John Frawley
- Country (sports): Australia
- Born: 4 July 1965 (age 60) Redcliffe, Australia
- Height: 1.73 m (5 ft 8 in)
- Plays: Right-handed (one-handed backhand)
- Prize money: $289,416

Singles
- Career record: 70–90
- Career titles: 0
- Highest ranking: No. 35 (25 January 1988)

Grand Slam singles results
- Australian Open: 4R (1984, 1988)
- French Open: 3R (1984, 1985)
- Wimbledon: 1R (1985, 1988)
- US Open: 4R (1988)

Doubles
- Career record: 18–45
- Career titles: 0
- Highest ranking: No. 130 (29 April 1985)
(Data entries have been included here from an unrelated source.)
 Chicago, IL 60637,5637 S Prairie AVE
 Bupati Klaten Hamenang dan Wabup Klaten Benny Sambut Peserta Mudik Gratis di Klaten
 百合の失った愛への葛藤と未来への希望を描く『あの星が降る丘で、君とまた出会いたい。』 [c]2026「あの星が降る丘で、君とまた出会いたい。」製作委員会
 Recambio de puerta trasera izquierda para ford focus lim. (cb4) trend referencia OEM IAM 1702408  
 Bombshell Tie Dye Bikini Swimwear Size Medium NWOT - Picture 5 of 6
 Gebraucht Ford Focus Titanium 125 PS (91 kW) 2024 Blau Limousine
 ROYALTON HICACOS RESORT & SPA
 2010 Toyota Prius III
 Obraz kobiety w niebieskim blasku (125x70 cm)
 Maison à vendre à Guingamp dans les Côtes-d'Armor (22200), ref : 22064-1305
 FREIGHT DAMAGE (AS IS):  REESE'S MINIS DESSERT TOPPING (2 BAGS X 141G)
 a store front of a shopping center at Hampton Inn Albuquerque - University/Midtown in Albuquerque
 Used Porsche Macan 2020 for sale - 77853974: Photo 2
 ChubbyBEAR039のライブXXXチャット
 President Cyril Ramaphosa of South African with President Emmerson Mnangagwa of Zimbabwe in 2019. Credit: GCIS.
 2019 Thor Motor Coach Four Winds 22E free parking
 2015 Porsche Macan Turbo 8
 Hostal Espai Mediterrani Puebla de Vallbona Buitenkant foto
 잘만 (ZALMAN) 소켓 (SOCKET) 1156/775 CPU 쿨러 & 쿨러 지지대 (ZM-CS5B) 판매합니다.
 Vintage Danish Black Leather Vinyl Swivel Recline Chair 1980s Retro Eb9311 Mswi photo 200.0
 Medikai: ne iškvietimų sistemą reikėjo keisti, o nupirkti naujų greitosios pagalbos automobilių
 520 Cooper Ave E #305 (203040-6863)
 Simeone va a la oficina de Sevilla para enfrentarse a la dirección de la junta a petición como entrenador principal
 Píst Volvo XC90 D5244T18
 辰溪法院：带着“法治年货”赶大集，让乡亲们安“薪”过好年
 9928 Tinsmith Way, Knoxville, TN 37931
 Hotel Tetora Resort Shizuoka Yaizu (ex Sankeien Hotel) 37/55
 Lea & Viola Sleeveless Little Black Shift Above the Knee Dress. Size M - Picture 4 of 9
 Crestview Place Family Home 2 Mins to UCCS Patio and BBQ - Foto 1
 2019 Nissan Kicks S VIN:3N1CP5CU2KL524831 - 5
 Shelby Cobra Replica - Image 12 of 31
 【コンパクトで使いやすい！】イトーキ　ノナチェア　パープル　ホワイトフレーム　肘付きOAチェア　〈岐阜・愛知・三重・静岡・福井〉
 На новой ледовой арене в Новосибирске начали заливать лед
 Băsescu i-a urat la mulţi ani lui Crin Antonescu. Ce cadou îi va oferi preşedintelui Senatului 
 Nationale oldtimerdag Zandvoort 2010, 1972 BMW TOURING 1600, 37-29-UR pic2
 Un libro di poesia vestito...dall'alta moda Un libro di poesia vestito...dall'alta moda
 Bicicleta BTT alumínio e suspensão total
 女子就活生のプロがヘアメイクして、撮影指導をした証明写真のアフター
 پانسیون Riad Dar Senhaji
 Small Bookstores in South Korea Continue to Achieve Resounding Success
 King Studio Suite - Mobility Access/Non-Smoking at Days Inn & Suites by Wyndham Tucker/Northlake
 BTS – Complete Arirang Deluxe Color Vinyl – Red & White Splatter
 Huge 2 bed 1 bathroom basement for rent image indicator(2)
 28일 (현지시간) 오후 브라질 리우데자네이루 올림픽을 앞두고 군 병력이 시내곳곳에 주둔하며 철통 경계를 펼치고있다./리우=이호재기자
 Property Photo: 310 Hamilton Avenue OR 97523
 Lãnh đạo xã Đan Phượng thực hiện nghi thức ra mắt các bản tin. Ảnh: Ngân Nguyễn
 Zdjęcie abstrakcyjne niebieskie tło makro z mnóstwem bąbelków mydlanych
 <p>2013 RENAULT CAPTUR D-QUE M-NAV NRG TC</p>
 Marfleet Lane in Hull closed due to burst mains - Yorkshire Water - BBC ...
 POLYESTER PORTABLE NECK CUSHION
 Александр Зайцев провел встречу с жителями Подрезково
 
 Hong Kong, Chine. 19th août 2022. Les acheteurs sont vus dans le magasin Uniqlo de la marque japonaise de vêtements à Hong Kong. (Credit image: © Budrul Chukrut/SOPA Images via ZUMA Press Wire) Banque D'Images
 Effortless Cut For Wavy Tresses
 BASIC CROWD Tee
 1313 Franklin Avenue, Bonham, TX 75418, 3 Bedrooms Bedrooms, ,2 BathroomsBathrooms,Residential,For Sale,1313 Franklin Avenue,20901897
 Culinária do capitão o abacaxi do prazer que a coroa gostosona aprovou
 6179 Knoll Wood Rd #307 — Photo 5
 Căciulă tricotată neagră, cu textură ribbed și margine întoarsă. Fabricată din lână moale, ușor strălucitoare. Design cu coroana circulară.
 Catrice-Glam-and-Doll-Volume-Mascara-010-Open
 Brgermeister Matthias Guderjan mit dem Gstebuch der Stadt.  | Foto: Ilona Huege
Grand Slam doubles results
- Australian Open: 2R (1988, 1989)
- French Open: 2R (1985)
- Wimbledon: 1R (1985)

= John Frawley (tennis) =

Australian tennis player

John Frawley (born 4 July 1965) is an Australian retired tennis player. He reached a career-high singles ranking of World No. 35 in January 1988.

He is the younger brother of Rod Frawley.

==Tennis career==
===Juniors===
As a junior, Frawley reached the final of Wimbledon in 1983 (losing to Stefan Edberg) and won both the Wimbledon and French Open junior doubles titles with Pat Cash in 1982.

===Pro tour===
Frawley twice reached the fourth round of the Australian Open, defeating seeds Mike Bauer and Peter Lundgren en route.